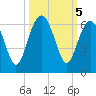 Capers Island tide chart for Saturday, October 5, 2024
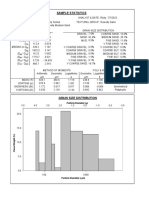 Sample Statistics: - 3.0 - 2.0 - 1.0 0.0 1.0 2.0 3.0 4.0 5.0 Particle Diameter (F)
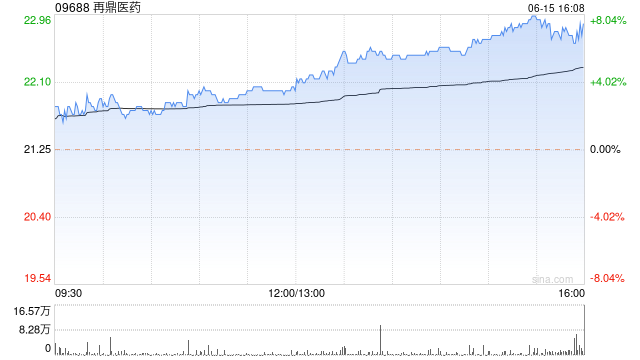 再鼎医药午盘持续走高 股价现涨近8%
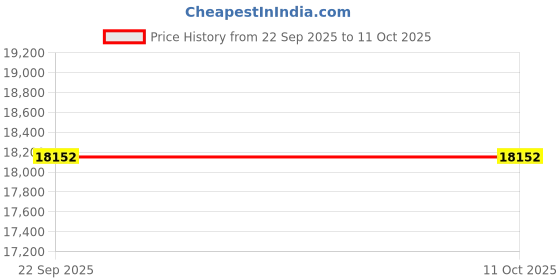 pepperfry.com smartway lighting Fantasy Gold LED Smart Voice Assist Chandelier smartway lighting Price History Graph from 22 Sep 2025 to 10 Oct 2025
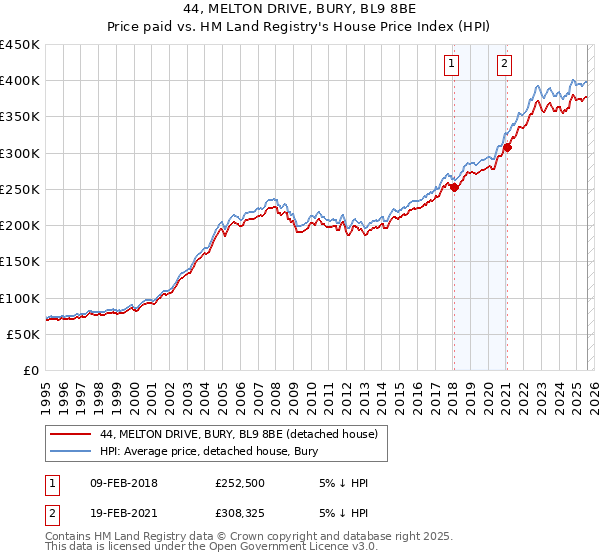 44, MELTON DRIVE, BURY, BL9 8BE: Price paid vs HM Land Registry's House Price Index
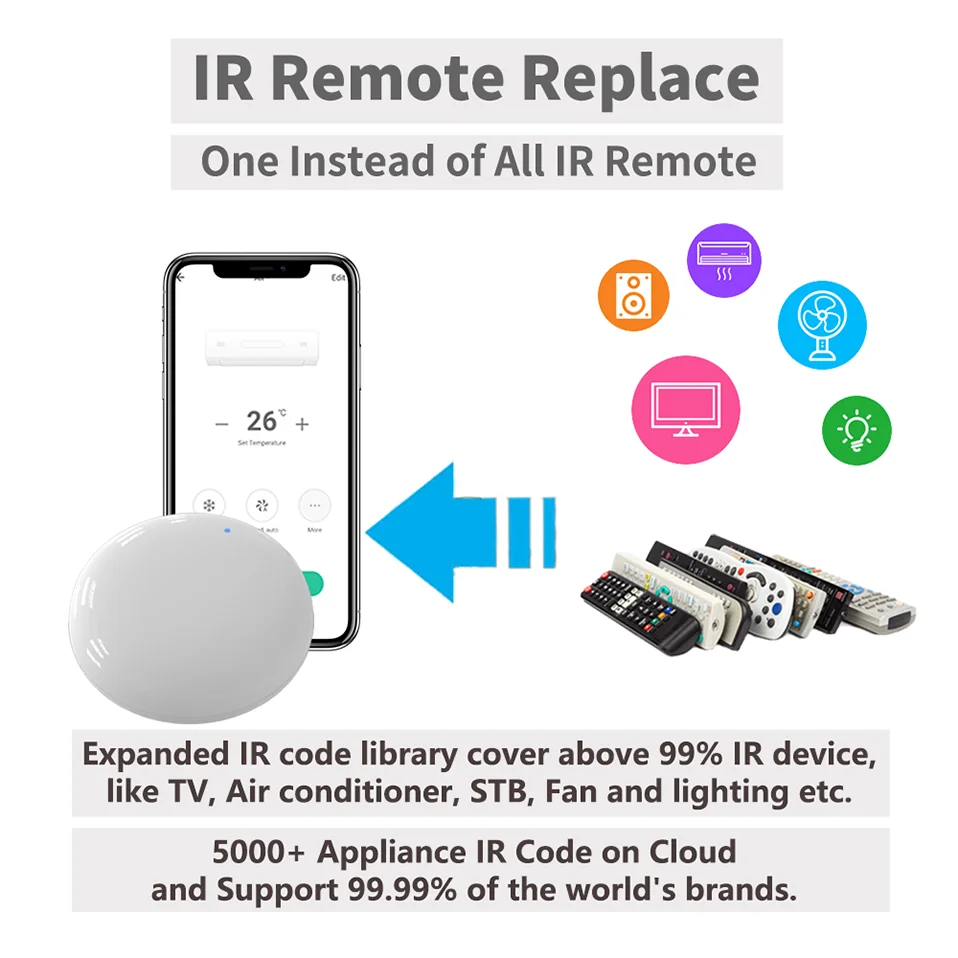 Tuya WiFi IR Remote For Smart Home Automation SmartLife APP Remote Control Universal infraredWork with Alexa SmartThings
******
Work request: Please repeat the lines that run from the one holding "Sample Statistics: - 3.0" to the last line of the material, both included, exactly and without pictures.

Result:
 Sample Statistics: - 3.0 - 2.0 - 1.0 0.0 1.0 2.0 3.0 4.0 5.0 Particle Diameter (F)
 再鼎医药午盘持续走高 股价现涨近8%
 pepperfry.com smartway lighting Fantasy Gold LED Smart Voice Assist Chandelier smartway lighting Price History Graph from 22 Sep 2025 to 10 Oct 2025
 44, MELTON DRIVE, BURY, BL9 8BE: Price paid vs HM Land Registry's House Price Index
 Tuya WiFi IR Remote For Smart Home Automation SmartLife APP Remote Control Universal infraredWork with Alexa SmartThings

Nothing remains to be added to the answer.